I met this gangster who pulls up people's pants. Name's Wedgie Kray.

I've got a sponge front door. Hey, don't knock it.

So I went to the dentist. He said "Say Aaah." I said "Why?" He said "My dog's died."

I saw this bloke chatting up a cheetah. He was trying to pull a fast one.

I'm against hunting. I'm actually a hunt saboteur. I go out the night before and shoot the fox.

"You know, somebody actually complimented me on my driving today. They left a little note on the windscreen, it said 'Parking Fine.' So that was nice."

Black holes. I don't know what people see in them. Exit signs? They're on their way out.

So I fancied a game of darts with my mate.
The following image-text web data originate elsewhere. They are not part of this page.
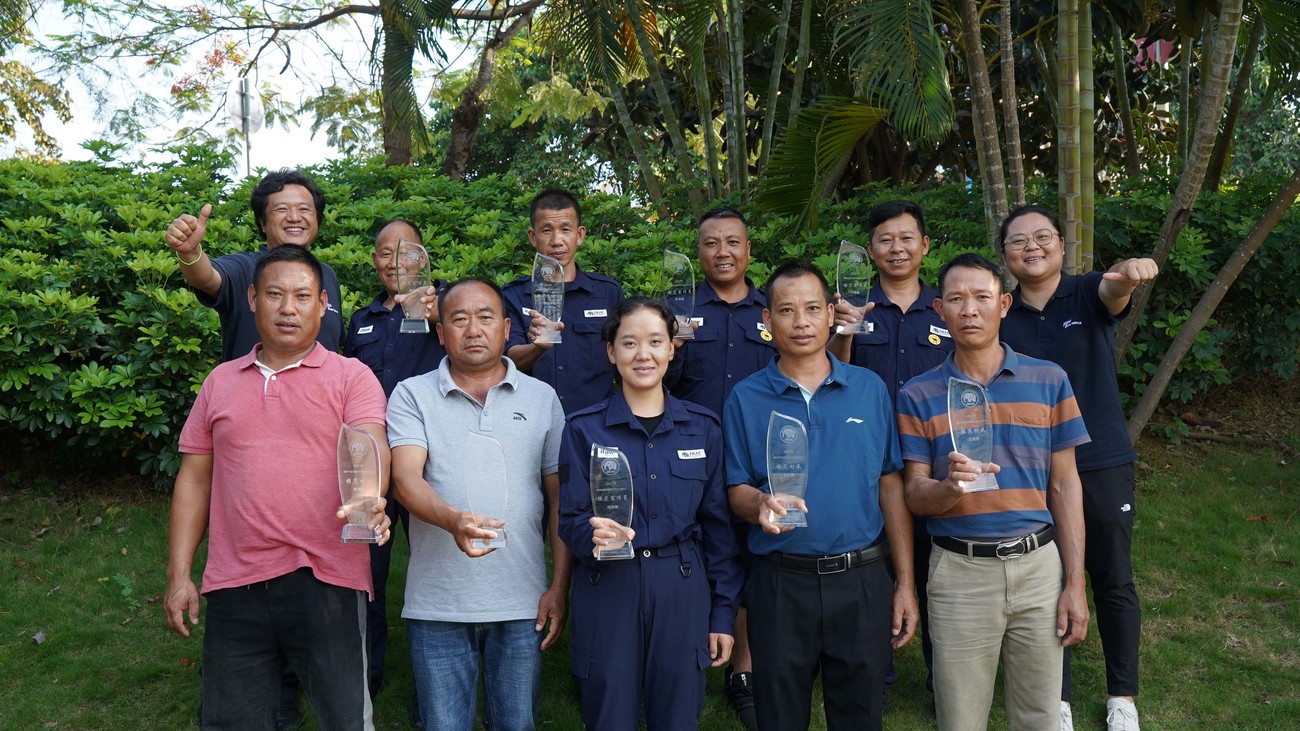 group photo of rangers holding awards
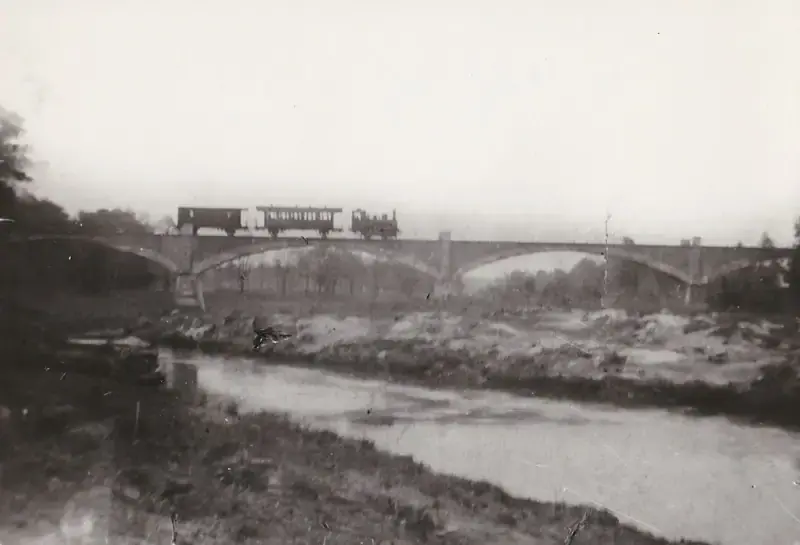 Historischer Zug der Kleinbahn Rothenburg auf einer Brücke über einen Fluss in der Oberlausitz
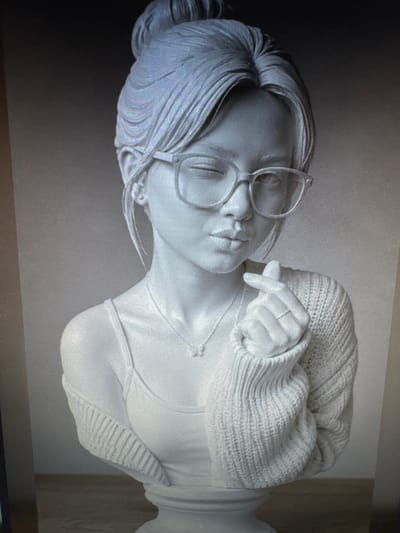 This is a digital rendering of a bust of a young woman with a topknot hairstyle and glasses. She is winking and puckering her lips, with one hand forming a heart shape gesture. She is wearing a tank top and a knitted sweater draped over her shoulders. A delicate necklace with a butterfly pendant is visible. The bust is displayed on a pedestal against a blurred, gradient background. The scene is not located in Protasovo, Russia; it is a digital artwork.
He said, 'Nearest the bull goes first.' He went 'Baah' and I went 'Moo'. He said 'You're closest.'

So this bloke says to me, "Can I come in your house and talk about your carpets?" I thought "That's all I need, a Je-hoover's witness".

I phoned the local gym and I asked if they could teach me how to do the splits. He said, "How flexible are you?" I said, "I can't make Tuesdays."

So I went down my local ice-cream shop, and said 'I want to buy an ice-cream'. He said Hundreds & thousands?' I said 'We'll start with one.' He said 'Knickerbocker glory?' I said 'I do get a certain amount of freedom in these trousers, yes.'

I went to the doctor. I said to him "I'm frightened of lapels." He said, "You've got cholera."

"You know, I'm not very good at magic - I can only do half of a trick. Yes - I'm a member of the Magic Semi-circle"

I phoned the local ramblers club today and this bloke just went on and on.

So I told my mum that I'd opened a theatre. She said, "Are you having me on?" I said, "Well I'll give you an audition, but I'm not promising you anything."